The members of the Supervisory Board are elected for a period of five years and may be re-elected for a maximum of two full terms of office.
The Supervisory Board appoints and dismisses the members of the Management Board and advises and oversees the Management Board in the management of the Company. The Management Board and the Supervisory Board maintain an open dialogue which is treated with confidentiality by both parties. The Supervisory Board, in particular the Chairman of the Supervisory Board, exchanges information with the Management Board on a regular basis. In numerous conference calls as needed, the Management Board continuously informed the Supervisory Board of the Company’s operational business and further current issues such as strategy, planning, risk management, and compliance management systems, providing in-depth analyses both orally and in writing.

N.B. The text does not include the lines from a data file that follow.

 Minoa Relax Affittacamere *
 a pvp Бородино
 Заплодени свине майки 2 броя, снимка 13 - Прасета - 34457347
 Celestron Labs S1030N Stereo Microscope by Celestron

Pursuant to Recommendation D.7 of the Code, the Supervisory Board held regular board meetings also without the attendance of the Management Board.

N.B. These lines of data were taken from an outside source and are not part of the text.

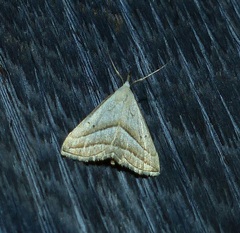 Macrochilo absorptalis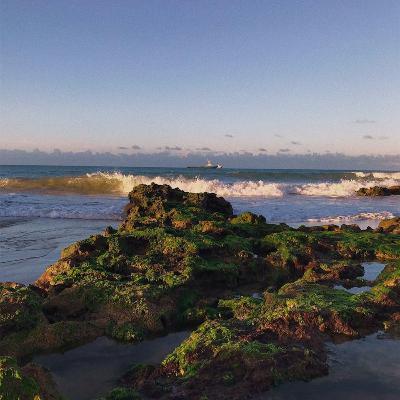 Experimento: Sons e Vozes na Cena-Audiovisual - Sentimento Maresia Experimento: Sons e Vozes na Cena-Audiovisual - Sentimento Maresia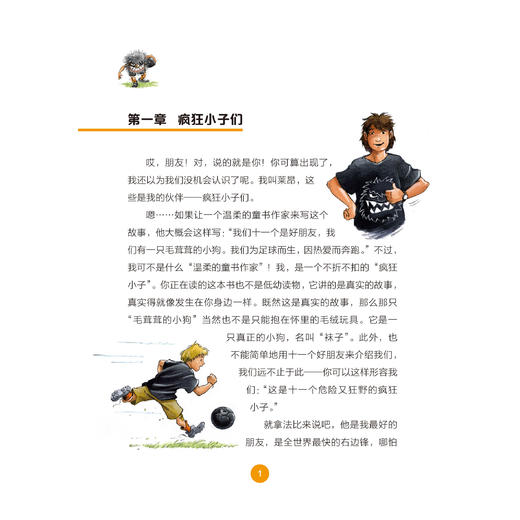 《疯狂足球队》（全4册） 商品图5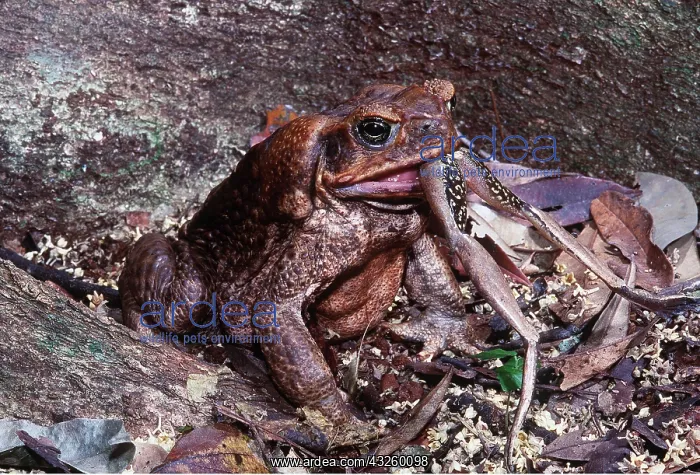: Cane / Marine TOAD - swallows native treefrog : Cane / Marine TOAD - swallows native treefrog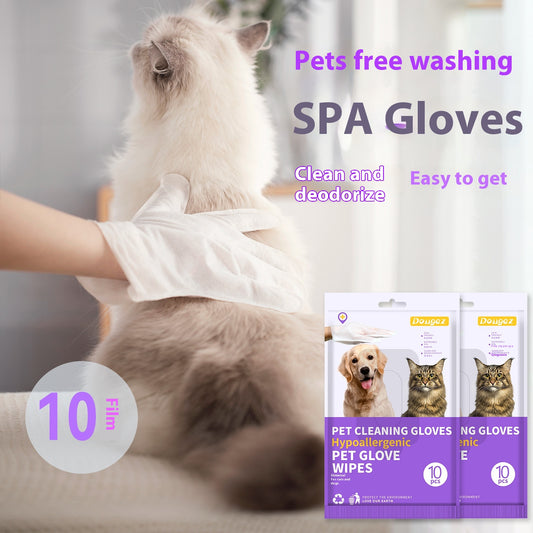 PawWipe disposable pet cleaning gloves 10-pack front view on white background — no-rinse for dogs and cats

More information about the Supervisory Board can be found in the Declaration of Corporate Management as well as in the Supervisory Board Report. Please find the respective documents for Download below.
Supervisory Board meetings
The articles of association provide that resolutions by the Supervisory Board shall typically be passed in meetings. However, in individual cases and upon the Chairman’s instruction, resolutions can be passed and meetings held by written notice, by telephone, by telex, by fax or by other means of telecommunication. The articles of association further provide that more than half of the members of the Supervisory Board must participate in voting on a resolution, either in person or in writing or in another permissible form, to constitute a quorum. If such a quorum is not met, a new meeting shall be called with a notice period of two weeks, in which case three present board members constitute a quorum. Absent members may participate in a resolution by delivering a written vote to the Supervisory Board. Resolutions of the Supervisory Board are passed by a simple majority of the votes cast.

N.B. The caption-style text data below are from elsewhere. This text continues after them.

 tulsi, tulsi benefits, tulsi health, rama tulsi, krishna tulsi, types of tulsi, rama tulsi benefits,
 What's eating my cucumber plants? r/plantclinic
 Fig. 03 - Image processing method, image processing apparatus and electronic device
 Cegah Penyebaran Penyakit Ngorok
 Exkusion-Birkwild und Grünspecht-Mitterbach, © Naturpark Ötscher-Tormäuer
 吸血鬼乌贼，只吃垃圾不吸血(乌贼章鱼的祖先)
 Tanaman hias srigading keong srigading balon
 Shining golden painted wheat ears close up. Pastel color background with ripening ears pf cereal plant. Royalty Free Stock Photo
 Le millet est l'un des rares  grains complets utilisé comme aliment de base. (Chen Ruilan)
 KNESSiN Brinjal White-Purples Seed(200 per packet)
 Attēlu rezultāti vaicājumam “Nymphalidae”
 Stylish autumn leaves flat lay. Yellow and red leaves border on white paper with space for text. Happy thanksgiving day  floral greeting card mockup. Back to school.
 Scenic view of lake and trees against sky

The Supervisory Board has its own internal rules of procedure. Please find below the Rules of Procedure of the Supervisory Board for Download.
The activities of the Supervisory Board comply with the Corporate Governance Code
A significant proportion of the Supervisory Board’s work is conducted in committees. From among its members, Evotec’s Supervisory Board has established, pursuant to the German Stock Corporation Act and the recommendations of the Code, an Audit and Compliance Committee, a Remuneration and Nomination Committee as well as an ESG committee. Members of all committees are appointed in accordance with the Code.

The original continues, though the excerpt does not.